### [Dataset extract]
══════════

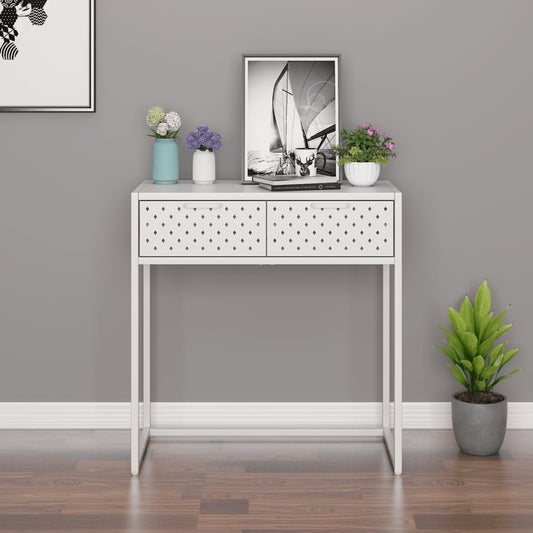 fehér acél tálalóasztal 72 x 35 x 75 cm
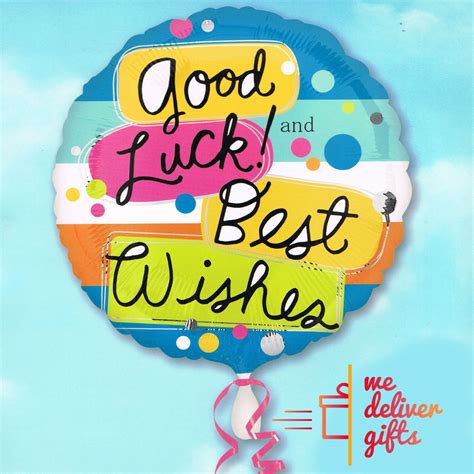 Good Luck Best Wishes Balloon We Deliver Ts Lebanon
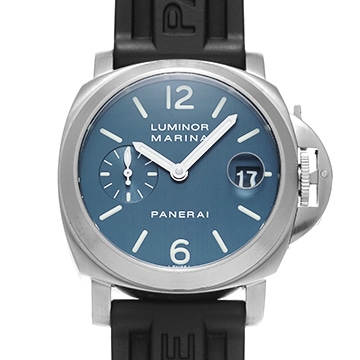 パネライ ルミノールマリーナ オートマティック PAM00070 ブルー メンズ 時計 【中古】【wristwatch】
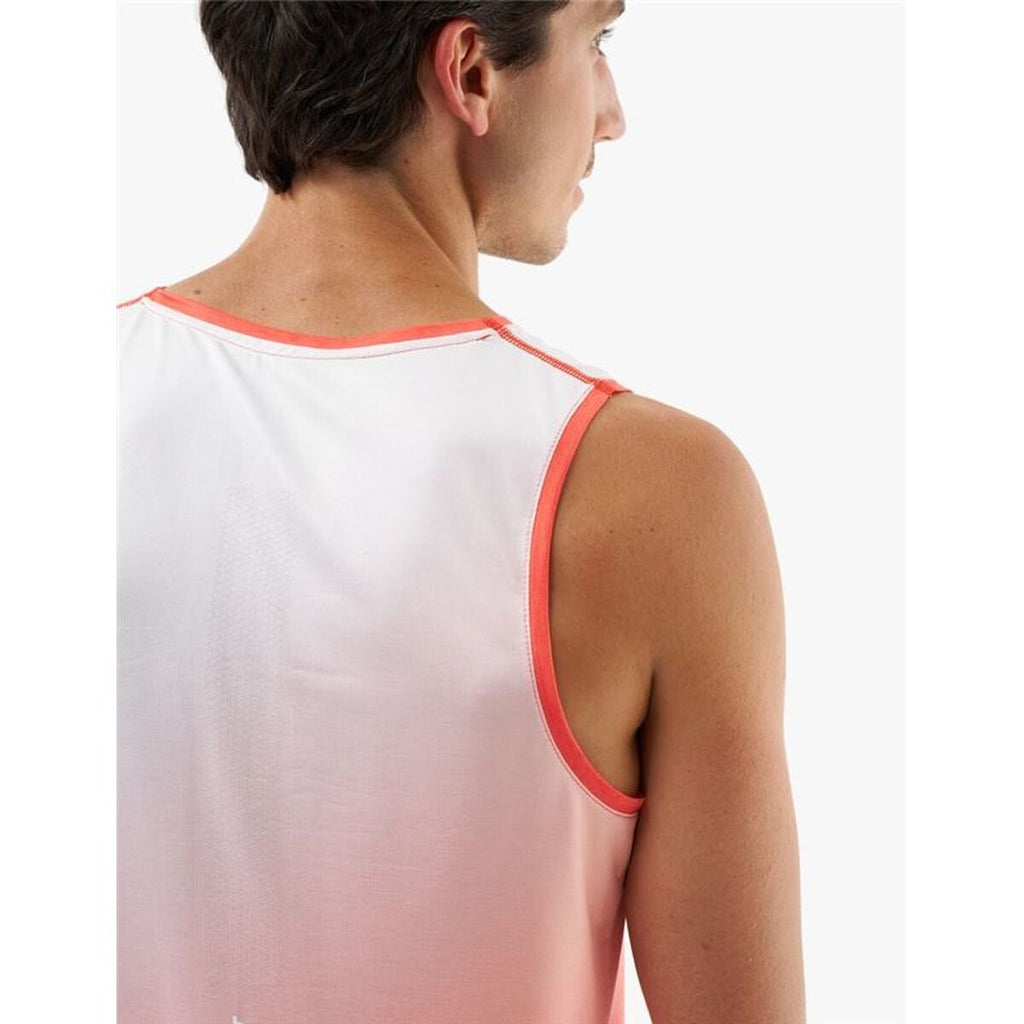 Ärmelloses Herren-T-Shirt Compressport Performance Weiss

══════════

### [What needs to be done]
Give back the whole listing exactly as it stands. Drop every picture.

### [Answer space]
 fehér acél tálalóasztal 72 x 35 x 75 cm
 Good Luck Best Wishes Balloon We Deliver Ts Lebanon
 パネライ ルミノールマリーナ オートマティック PAM00070 ブルー メンズ 時計 【中古】【wristwatch】
 Ärmelloses Herren-T-Shirt Compressport Performance Weiss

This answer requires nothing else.